Il tecnico ha poi voluto ricordare la recente scomparsa di Rocco Commisso, presidente della Fiorentina, definendolo «un punto di riferimento nella mia vita, breve o lunga, che sia quello che è stato insieme, calcistica» e ha aggiunto: «È stata per me una notizia molto molto dolorosa perché ho avuto con lui un rapporto veramente importante e penso che nel giro di due anni ho perso Joe Barone e Rocco Commisso, mi fa star male questa cosa quindi ne approfitto per salutare la famiglia, per salutare tutti i fiorentini che hanno subito, secondo me, un colpo molto duro».

Sul campo, Aquilani ha commentato l’inizio del 2026 del Catanzaro: «Questo 2026 è iniziato maluccio, non come prestazioni ma prestazioni molto convincenti come risultati invece non sono arrivati. Le due sconfitte contro Frosinone e Venezia sono state diverse, nella prima c’è stata l’amarezza di andare a casa sapendo che probabilmente meritavi qualcosa in più. La partita di Venezia ci ha mostrato una squadra con qualità individuale superiore ma siamo rimasti in partita fino all’ottantacinquesimo. Due partite completamente diverse che ci danno sicuramente la rabbia dei risultati ma ci devono dare anche la consapevolezza che possiamo giocarcela con chiunque».

Guardando a domani e alla Sampdoria, Aquilani ha sottolineato: «Domani arriva un’altra squadra secondo me importante, un’altra squadra che si è un po' in difficoltà ma ha giocatori all’interno molto importanti per questa categoria. È una partita da prendere assolutamente con le pinze, da dover aggredire dal primo minuto. Giochiamo in casa, per noi giocare in casa deve essere un valore aggiunto».
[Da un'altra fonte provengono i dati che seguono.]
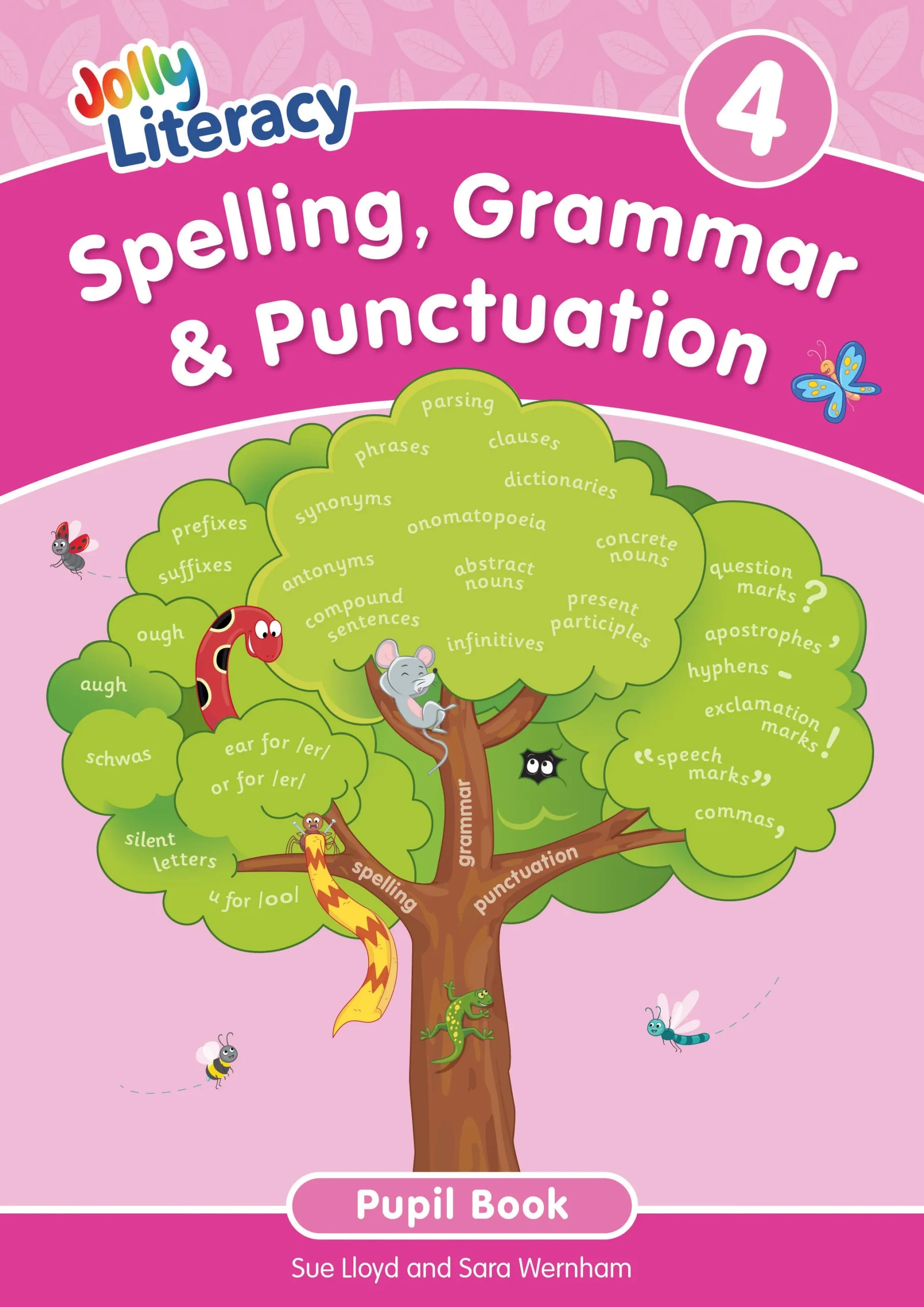 SGP_PB4_Cover_BEPrec_RGB_2048x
Sull’emergenza difensiva e sulla situazione Bettella, il tecnico ha spiegato: «Per quanto riguarda l’emergenza sì, perché abbiamo due squalificati. Bettella ha manifestato questa voglia di cambiare, questo disagio che può essere familiare o di ambiente, non si sentiva di giocare e per me il discorso lì è chiuso. Troveremo la soluzione affinché potremo essere competitivi ugualmente perché all’interno ci sono giocatori che mi danno grossissime garanzie di poter fare una buona partita».
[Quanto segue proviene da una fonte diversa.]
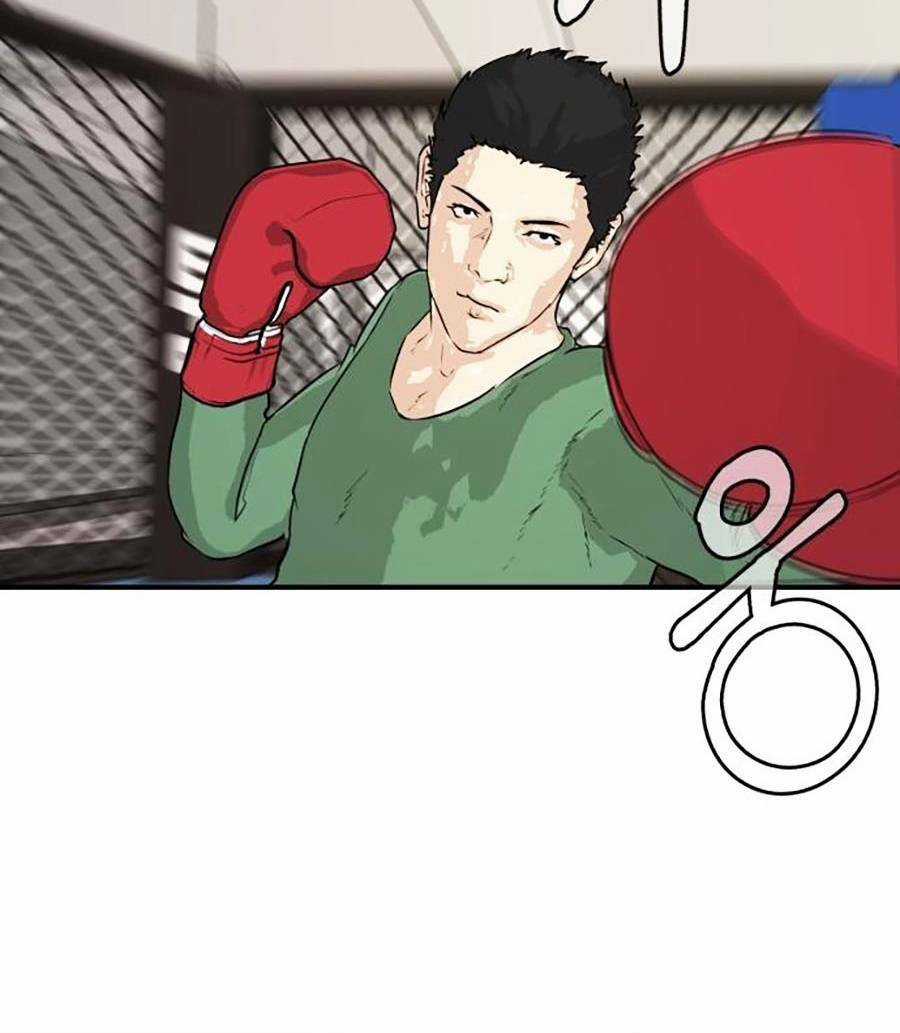 Đổi Thay Chapter 2 trang 166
Ampio spazio è stato dedicato anche al mercato: «Il mercato dà fastidio a prescindere perché si creano delle dinamiche che non controlli che possono togliere concentrazione. Io ho due priorità: la prima è che voglio che ci sia rispetto per chi è qui, per i giocatori che stanno portando alto il nome del Catanzaro. La seconda è che chiunque non ha l’attitudine, l’entusiasmo per giocare per il Catanzaro deve andare via perché qui questa è una squadra che vola sull’entusiasmo, che vola sull’attitudine, che vola sulla voglia di aggrapparsi a un qualcosa che sta crescendo».

Sulla gestione della rosa e il recupero di Pompetti, Aquilani ha dichiarato: «Pompetti sta bene, è un ragazzo che trasmette un’energia incredibile, ci darà una grossa mano ma ha bisogno di tempo. Preferisco meno calciatori che so che posso prenderli e andare in guerra contro chiunque piuttosto che tanti giocatori che poi qualcuno me lo perdo per strada».

Infine, sul campionato, il tecnico ha sottolineato: «Ho la percezione che inizi un altro campionato perché le squadre stanno cambiando. Chi sta giù sta facendo un mercato importante. Questi due mesi saranno fondamentali per capire i nostri obiettivi e ci aspettano quattro o cinque mesi veramente impegnativi».